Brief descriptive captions
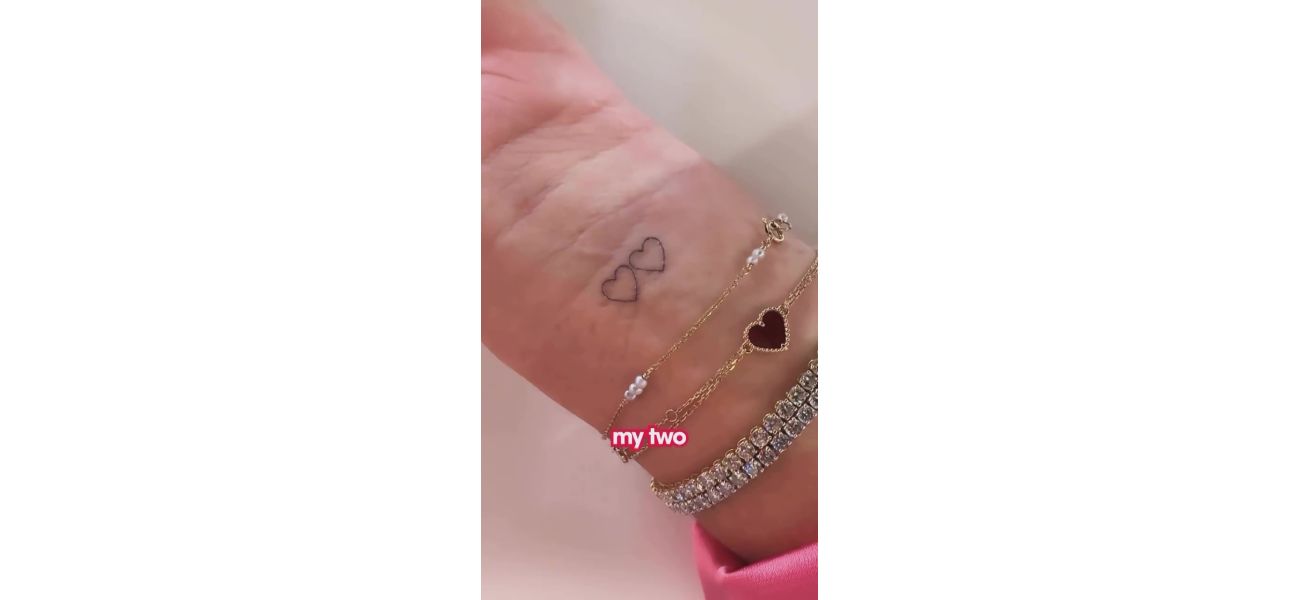 Amanda Holden got her first tattoo on a girls' trip, but her husband isn't happy about it.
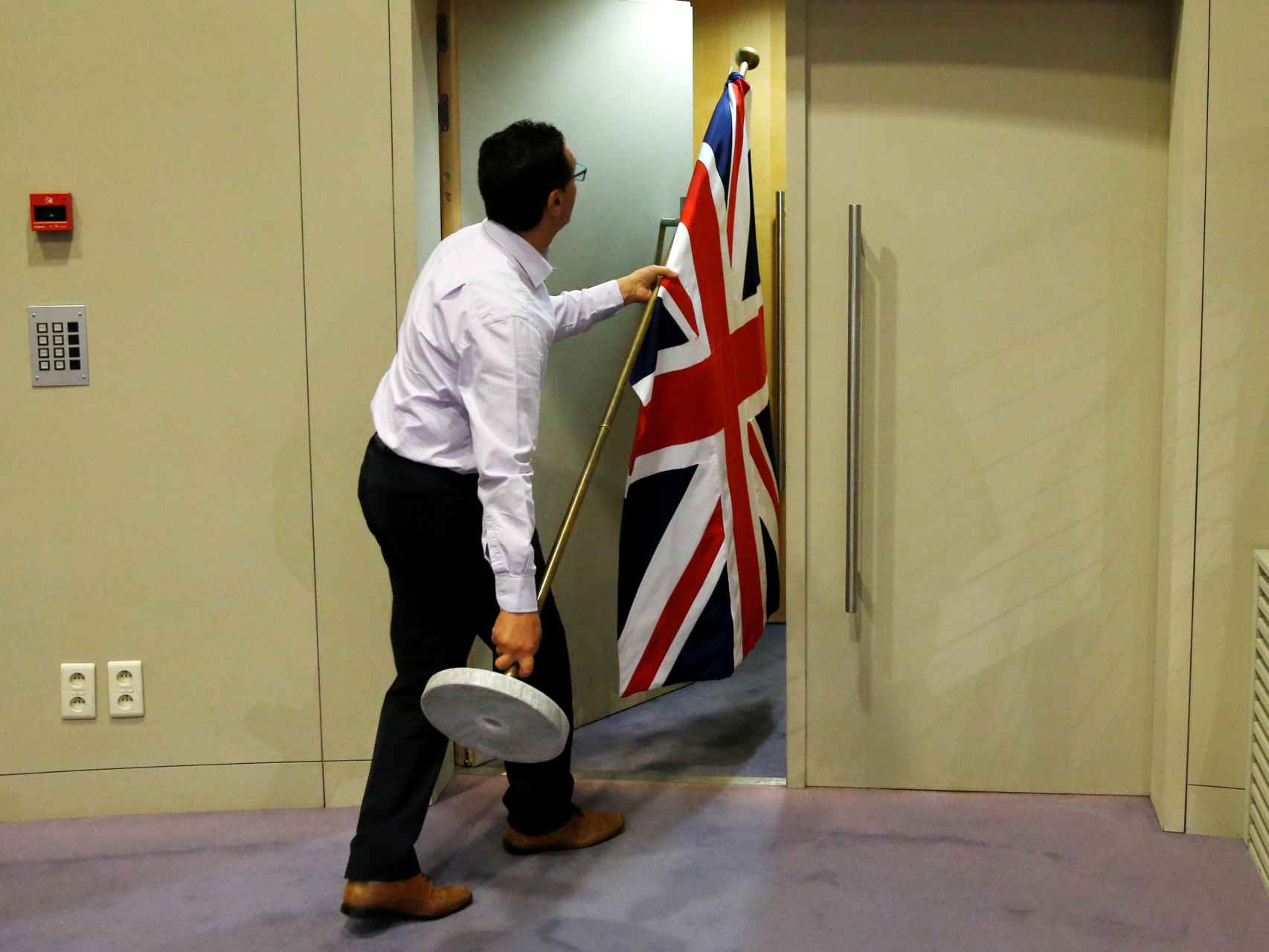 Un funcionario retira la bandera de Reino Unido en la Comisión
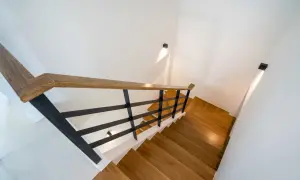 Nowoczesne schody z drewnianymi stopniami i czarną balustradą. Jak oświetlić schody w domu? Dyskretne kinkiety na ścianie tworzą nastrojowy blask.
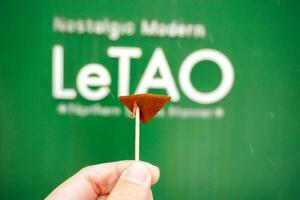 Otaru, Hokkaido, Japan, 2018 - Hand holding small wood stick with a free chocolate on LeTAO sign cafe background. LeTAO is the popular sweet cafe of tourist when come to visit Otaru city. photo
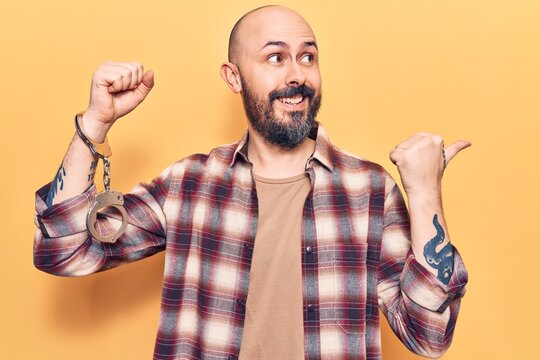 Young handsome man wearing prisoner handcuffs pointing thumb up to the side smiling happy with open mouth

* [Task directions] Each entry is to be transcribed verbatim, and any picture in it is to be skipped.

* [Output]
 Amanda Holden got her first tattoo on a girls' trip, but her husband isn't happy about it.
 Un funcionario retira la bandera de Reino Unido en la Comisión
 Nowoczesne schody z drewnianymi stopniami i czarną balustradą. Jak oświetlić schody w domu? Dyskretne kinkiety na ścianie tworzą nastrojowy blask.
 Otaru, Hokkaido, Japan, 2018 - Hand holding small wood stick with a free chocolate on LeTAO sign cafe background. LeTAO is the popular sweet cafe of tourist when come to visit Otaru city. photo
 Young handsome man wearing prisoner handcuffs pointing thumb up to the side smiling happy with open mouth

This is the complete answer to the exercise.